Hi, guys! I am making a small applicaiton using .NET Regex types. And the "Capture, Group and Match" types totally confused me. I have never seen such an ugly solution. Could someone explain their usage for me? Many thanks.
A match is the result of any individual match of the entirety of a regex. Groups and Captures both have something to do with capture groups (each (expression)
from within the regex), but vary in how they behave. Here's a quote from the MSDN article on the Capture class that explains the difference:
If you do not apply a quantifier to a capturing group, the Group.Captures property returns a CaptureCollection with a single Capture object that provides information about the same capture as the Group object. If you do apply a quantifier to a capturing group, the Group.Index, Group.Length, and Group.Value properties provide information only about the last captured group, whereas the Capture objects in the CaptureCollection provide information about all subexpression captures. The example provides an illustration.
(Source)
Here's a simpler example than the one in the document @Dav cited:
string s0 = @"foo%123%456%789";
Regex r0 = new Regex(@"^([a-z]+)(?:%([0-9]+))+$");
Match m0 = r0.Match(s0);
if (m0.Success)
{
Console.WriteLine(@"full match: {0}", m0.Value);
Console.WriteLine(@"group #1: {0}", m0.Groups[1].Value);
Console.WriteLine(@"group #2: {0}", m0.Groups[2].Value);
Console.WriteLine(@"group #2 captures: {0}, {1}, {2}",
m0.Groups[2].Captures[0].Value,
m0.Groups[2].Captures[1].Value,
m0.Groups[2].Captures[2].Value);
}
result:
full match: foo%123%456%789
group #1: foo
group #2: 789
group #2 captures: 123, 456, 789
The full match
and group #1
results are straightforward, but the others require some explanation. Group #2, as you can see, is inside a non-capturing group that's controlled by a +
quantifier. It matches three times, but if you request its Value
, you only get what it matched the third time around--the final capture. Similarly, if you use the $2
placeholder in a replacement string, the final capture is what gets inserted in its place.

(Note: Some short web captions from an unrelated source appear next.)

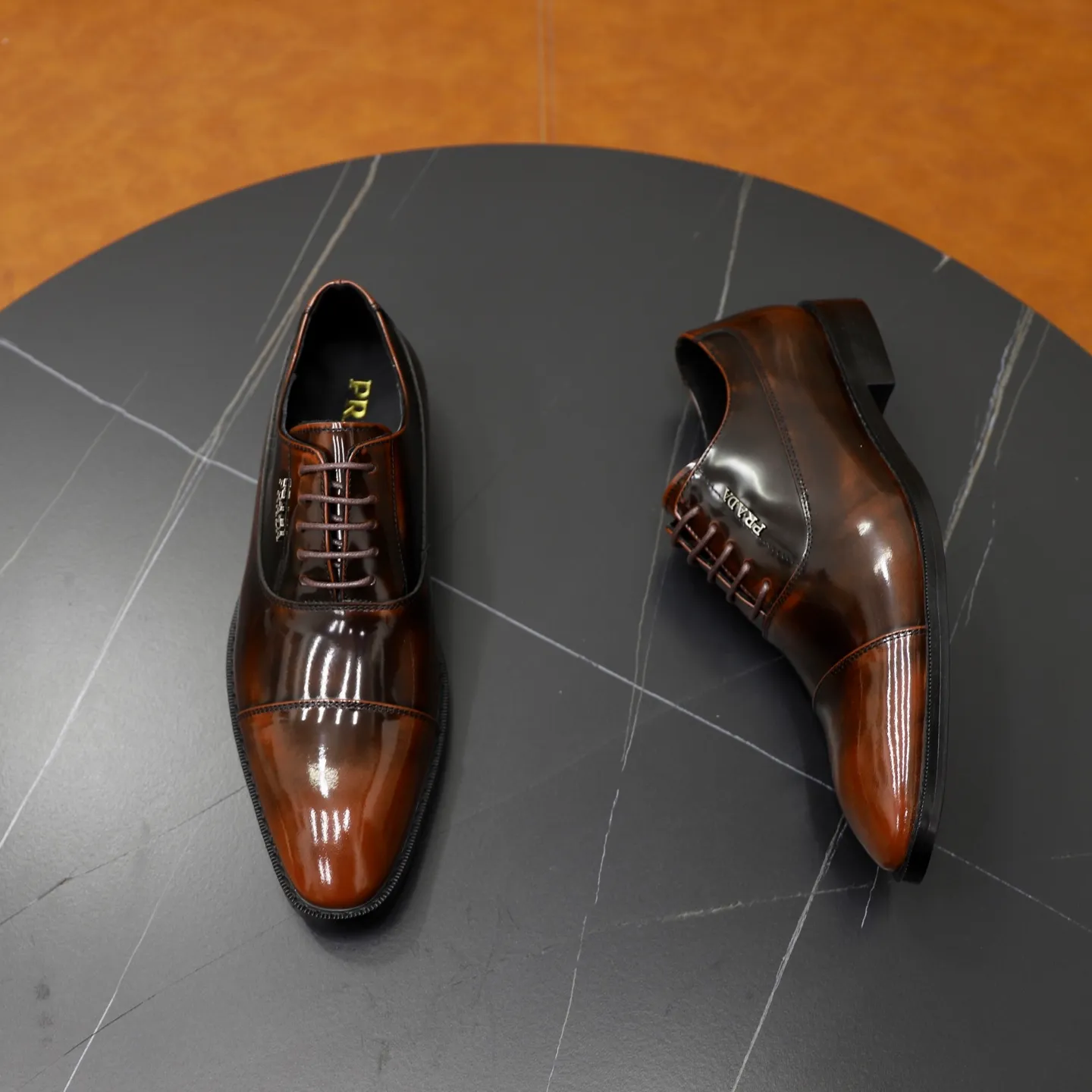 Ex-factory price: 540💰🙅‍♂️🙅‍♂️🙅‍♂️ Brand: PRADA Standard code: Men's code 38-44 (45 can be customized) Grade: Same style as the official website Original order quality Material: Original cowhide surface Comfortable cowhide lining Original outsole Style category: Men's fashionable casual leather shoes Distinguished big-name luxury elements Top luxury Color: actual picture color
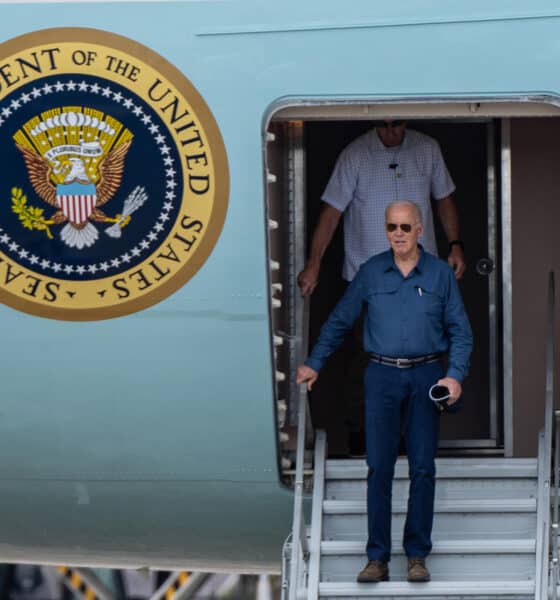 El presidente de Estados Unidos, Joe Biden, desciende de su avión a su llegada al Aeropuerto Internacional Eduardo Gomes de Manaos, antes de dirigirse a Río de Janeiro para participar en la Cumbre del G20, este domingo, en la ciudad de Manaos (Brasil). EFE/ Raphael Alves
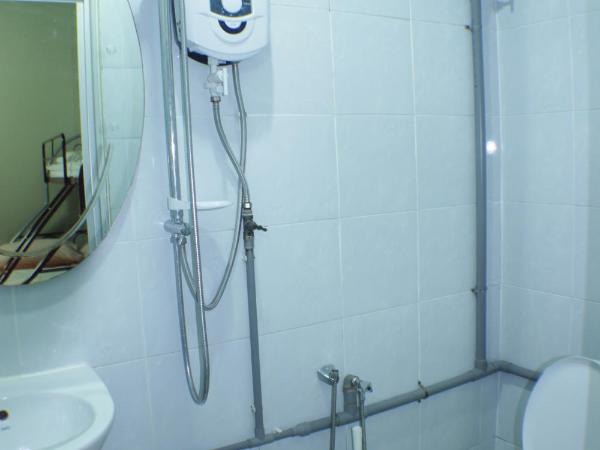 Birdnest Guesthouse, Gaia Rooftop Cafe : photo 3 de la chambre chambre triple standard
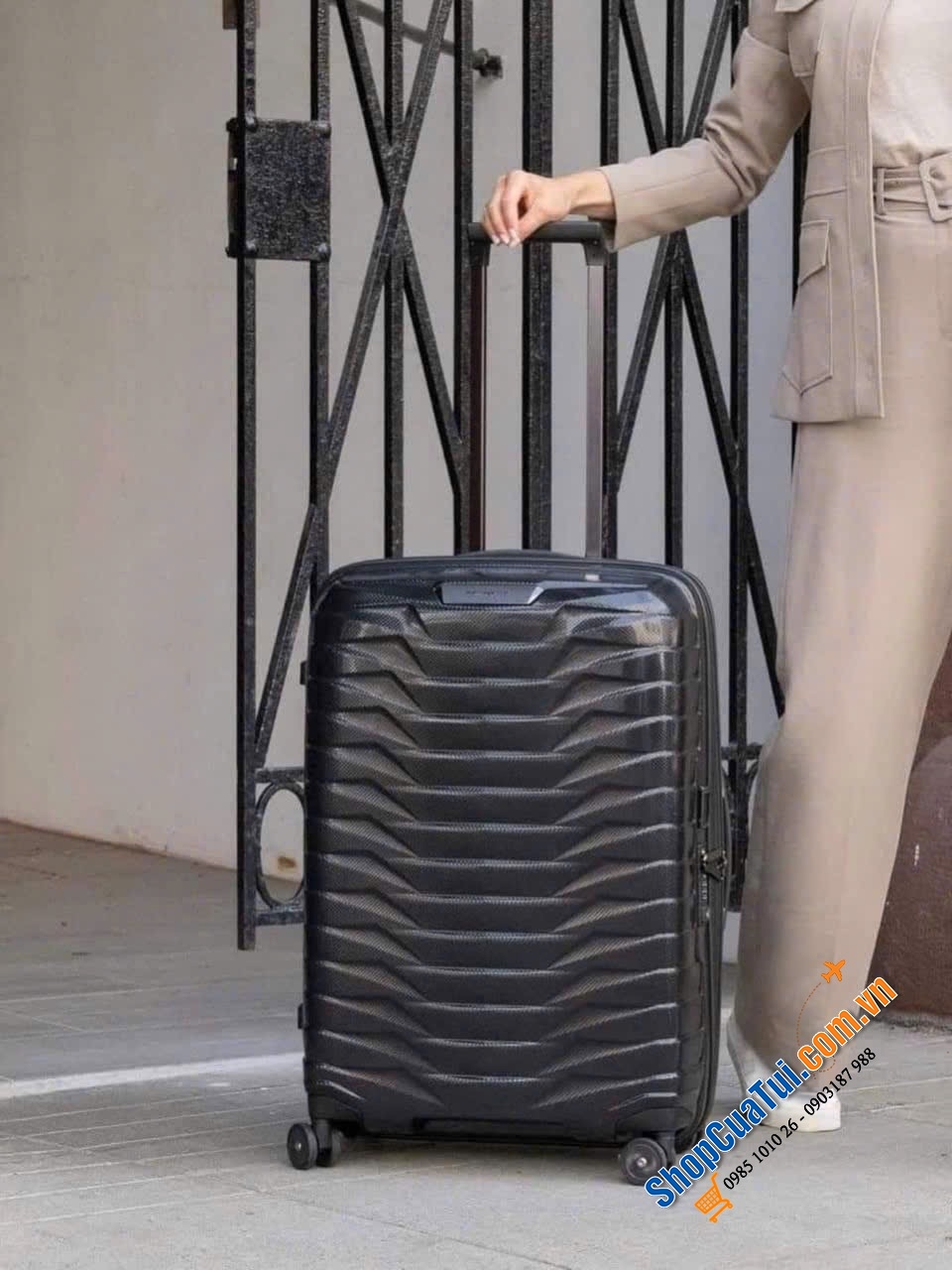Valy siêu nhẹ, siêu bền SAMSONITE PROXIS - Made in EU size M kí gửi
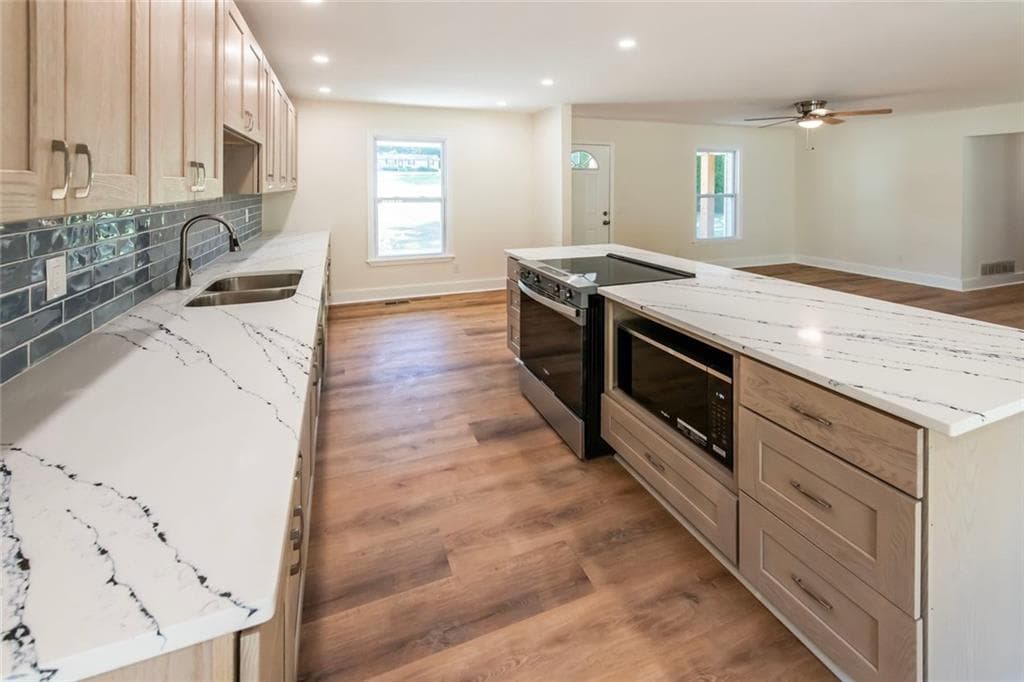 4 bedroom, 3 bathroom, 2,492 sq ft single family residence for sale at 30 Wood Valley Circle, Carrollton, GA 30117 — photo 3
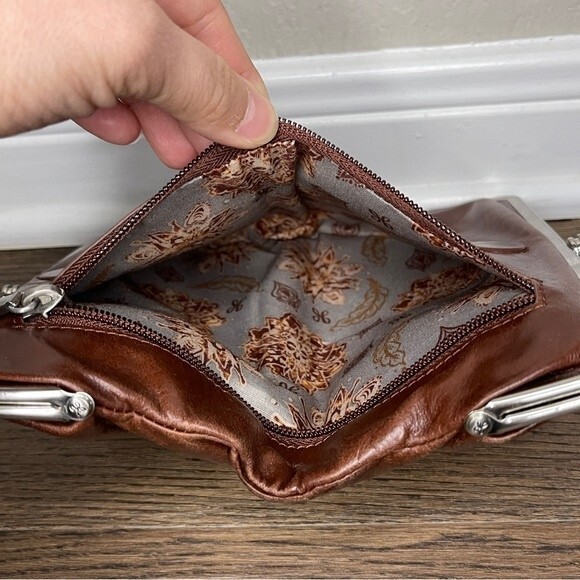 HOBO Womens Lauren Clutch Wallet Leather Floral Lining - EUC - Picture 8 of 16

In most regex flavors, that's all you can get; each intermediate capture is overwritten by the next and lost; .NET is almost unique in preserving all of the captures and making them available after the match is performed. You can access them directly as I did here, or iterate through the CaptureCollection
as you would a MatchCollection
. There's no equivalent for the $1
-style replacement-string placeholders, though.
So the reason the API design is so ugly (as you put it) is twofold: first it was adapted from Perl's integral regex support to .NET's object-oriented framework; then the CaptureCollection
structure was grafted onto it. Perl 6 offers a much cleaner solution, but the authors accomplished that by rewriting Perl practically from scratch and throwing backward compatibility out the window.